Le Comte se tourna vers sa dame et s’adressa à elle dans leur langage codé en murmurant : « Vous avez vu, n’est-ce pas ? »
« Le garçon savait que le gladiateur ne serait pas drogué. Il a éprouvé de la peur, sans doute, mais aucune surprise. »
« Tout était préparé, dit le Comte. Tout le combat. »
« Cela ne fait pas le moindre doute. »
« Cela ressemble furieusement à Hawat. »
« Bien sûr. »
« J’avais exigé que le Baron l’élimine. »
« C’était une erreur, mon cher. »
« Je le comprends maintenant. »
« Les Harkonnen pourraient avoir un nouveau Baron avant peu. »
« Si tel est le plan de Hawat. »
« Ce qui demande réflexion, j’en conviens », dit Dame Fenring.
« Le jeune sera plus susceptible d’être contrôlé. »
« Pour nous… après cette nuit. »
« Vous n’entrevoyez aucune difficulté pour le séduire, ma petite pouliche ? »
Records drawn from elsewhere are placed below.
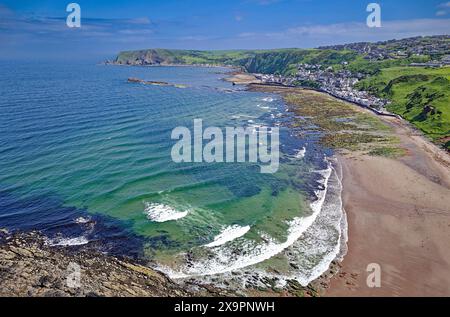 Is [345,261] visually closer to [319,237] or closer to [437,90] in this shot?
[319,237]

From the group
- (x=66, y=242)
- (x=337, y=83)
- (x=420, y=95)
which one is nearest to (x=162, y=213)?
(x=66, y=242)

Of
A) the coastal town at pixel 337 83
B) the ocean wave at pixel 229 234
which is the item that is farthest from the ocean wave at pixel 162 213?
the coastal town at pixel 337 83

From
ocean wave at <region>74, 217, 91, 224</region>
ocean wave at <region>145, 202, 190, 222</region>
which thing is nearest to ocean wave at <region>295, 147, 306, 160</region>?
ocean wave at <region>145, 202, 190, 222</region>

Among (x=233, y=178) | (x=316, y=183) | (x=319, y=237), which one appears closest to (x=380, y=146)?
(x=316, y=183) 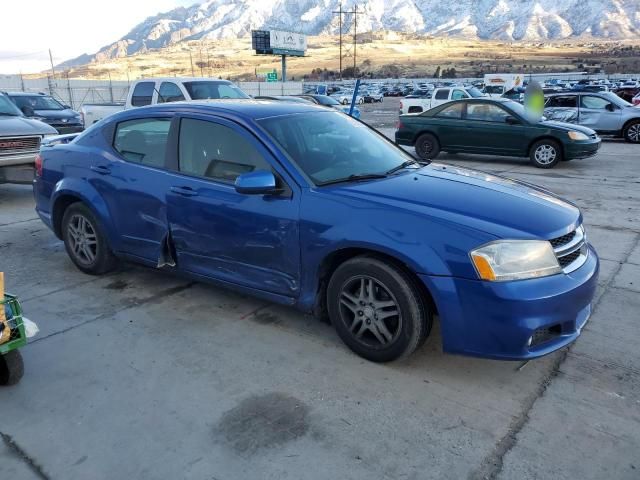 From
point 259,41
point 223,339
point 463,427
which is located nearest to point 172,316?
point 223,339

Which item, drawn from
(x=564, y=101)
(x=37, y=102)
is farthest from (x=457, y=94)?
(x=37, y=102)

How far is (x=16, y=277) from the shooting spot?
17.4 ft

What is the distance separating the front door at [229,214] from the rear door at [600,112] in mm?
14333

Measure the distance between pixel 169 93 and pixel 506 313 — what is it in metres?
11.2

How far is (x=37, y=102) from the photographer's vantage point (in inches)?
653

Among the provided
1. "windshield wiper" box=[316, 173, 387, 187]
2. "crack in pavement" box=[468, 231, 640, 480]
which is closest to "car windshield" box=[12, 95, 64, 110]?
"windshield wiper" box=[316, 173, 387, 187]

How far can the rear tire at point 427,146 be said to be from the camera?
1333 cm

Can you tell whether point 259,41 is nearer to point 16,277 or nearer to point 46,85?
point 46,85

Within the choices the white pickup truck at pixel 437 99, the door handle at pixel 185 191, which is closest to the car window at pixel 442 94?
the white pickup truck at pixel 437 99

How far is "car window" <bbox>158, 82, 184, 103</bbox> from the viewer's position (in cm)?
1258

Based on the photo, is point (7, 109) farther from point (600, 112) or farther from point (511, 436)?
point (600, 112)

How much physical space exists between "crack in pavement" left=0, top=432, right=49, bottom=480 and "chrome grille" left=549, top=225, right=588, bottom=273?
293 cm

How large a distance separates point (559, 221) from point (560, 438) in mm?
1279

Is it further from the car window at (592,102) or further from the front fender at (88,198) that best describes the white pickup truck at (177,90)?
the car window at (592,102) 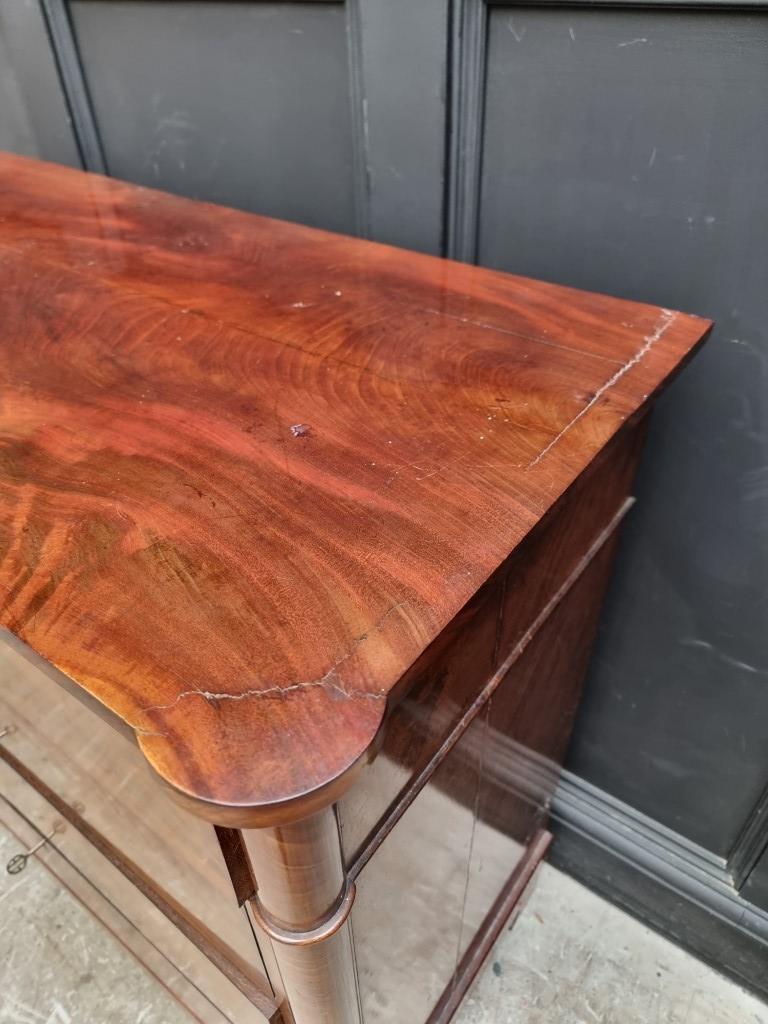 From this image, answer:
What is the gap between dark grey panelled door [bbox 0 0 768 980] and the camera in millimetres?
592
« Non, mon amour. Vous avez vu vous-même la façon dont il m’a regardée. »
« Oui, et je comprends maintenant pourquoi il nous faut cette lignée. »
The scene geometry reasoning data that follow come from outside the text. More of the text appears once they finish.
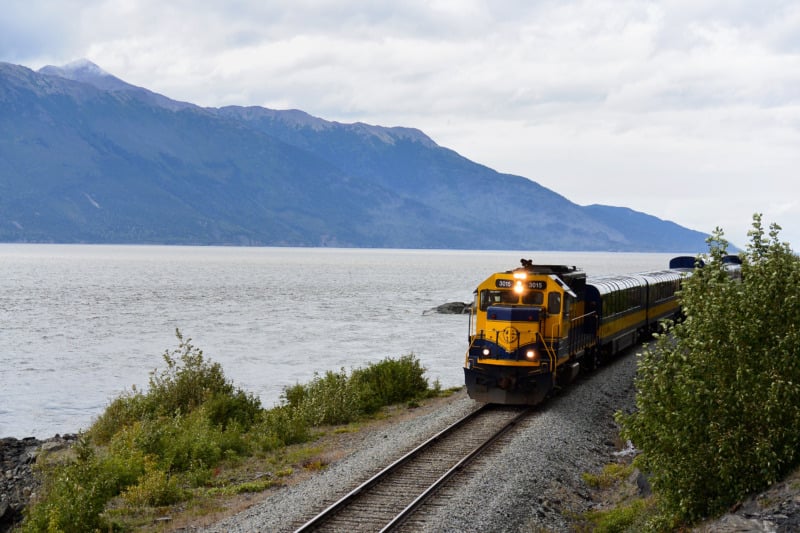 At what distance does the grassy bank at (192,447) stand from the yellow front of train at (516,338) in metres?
5.42

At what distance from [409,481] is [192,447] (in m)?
7.59

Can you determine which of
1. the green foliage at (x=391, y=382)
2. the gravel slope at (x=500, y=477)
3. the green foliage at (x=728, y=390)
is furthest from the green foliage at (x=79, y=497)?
the green foliage at (x=391, y=382)

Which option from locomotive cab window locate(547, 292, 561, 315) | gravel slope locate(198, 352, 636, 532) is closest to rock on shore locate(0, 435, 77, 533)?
gravel slope locate(198, 352, 636, 532)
« Bien sûr, et il est tout aussi évident que nous devons avoir une prise sur lui. Je vais implanter tout au fond de lui les phrases prana-bindu qui permettront de le soumettre. »
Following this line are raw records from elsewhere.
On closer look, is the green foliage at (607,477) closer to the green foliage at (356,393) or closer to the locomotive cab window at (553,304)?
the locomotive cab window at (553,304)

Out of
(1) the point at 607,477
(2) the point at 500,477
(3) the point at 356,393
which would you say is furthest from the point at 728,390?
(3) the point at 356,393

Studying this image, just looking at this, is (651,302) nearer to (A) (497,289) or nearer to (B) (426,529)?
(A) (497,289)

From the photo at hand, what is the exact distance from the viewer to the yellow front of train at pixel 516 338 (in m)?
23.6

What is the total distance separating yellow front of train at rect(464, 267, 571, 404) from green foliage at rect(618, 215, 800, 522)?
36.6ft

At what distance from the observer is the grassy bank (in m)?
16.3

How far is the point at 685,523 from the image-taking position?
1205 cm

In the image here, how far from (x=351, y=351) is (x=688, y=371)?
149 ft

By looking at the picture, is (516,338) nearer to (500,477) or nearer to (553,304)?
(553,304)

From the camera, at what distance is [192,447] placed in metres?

« Nous partirons aussitôt que possible… aussitôt que vous serez sûre », dit le Comte.
Elle eut un frisson. « Coûte que coûte. Je ne pourrais porter un enfant en un lieu aussi affreux. »
« Ce que nous faisons, nous le faisons au nom de l’humanité », dit-il.
« Vous avez la part la plus aisée. »
« Je dois triompher cependant de certains préjugés anciens. Ils sont d’importance, vous le savez. »
Elle lui tapota la joue. « Mon pauvre chéri… Vous savez pourtant que c’est là le seul moyen de sauver cette lignée. »
Il répondit d’une voix sèche : « Je comprends parfaitement ce que nous faisons. »
« Nous n’échouerons pas. »
« Le sentiment de culpabilité commence comme un doute », lui rappela-t-il.
« Il n’y aura pas de culpabilité. Il n’y aura que l’hypnoliaison de la psyché de ce Feyd-Rautha et son enfant dans ma matrice. Ensuite… nous partirons. »
« Son oncle, dit-il. Avez-vous jamais rencontré un être aussi distordu ? »
« Il est très redoutable, oui. Mais le neveu pourrait bien devenir pire encore. »
« Grâce à son oncle. Quand l’on songe à ce que ce garçon aurait pu devenir avec une autre éducation, celle des Atréides, par exemple. »
« C’est triste. »
« Nous aurions pu sauver le jeune Atréides comme celui-ci, reprit le Comte. D’après ce que j’ai entendu dire du jeune Paul, c’était un garçon remarquable, un résultat parfait sur le plan de l’hérédité et de l’éducation. (Il secoua la tête.) Mais ne pleurons pas en vain sur l’aristocratie du malheur. »
« Il existe une maxime bene gesserit à ce propos », dit sa Dame.
« Vous en avez pour tout ! »
« Celle-ci vous plaira. Elle dit : “Ne comptez point un humain au nombre des morts aussi longtemps que vous n’aurez pas vu son corps. Et même alors, ce pourrait encore être une erreur.” »
Dans « Un moment de réflexion », Muad’Dib rapporte que le véritable début de son éducation correspondit à ses premiers contacts avec les impératifs d’Arrakis. Il apprit alors à sonder le sable pour connaître le temps, il apprit le langage des aiguilles que le vent plante dans la peau. Il connut alors la valeur de l’humidité de son corps et l’irritation du sable dans le nez et, tandis que ses yeux prenaient le bleu de l’Ibad, il reçut l’enseignement chakobsa.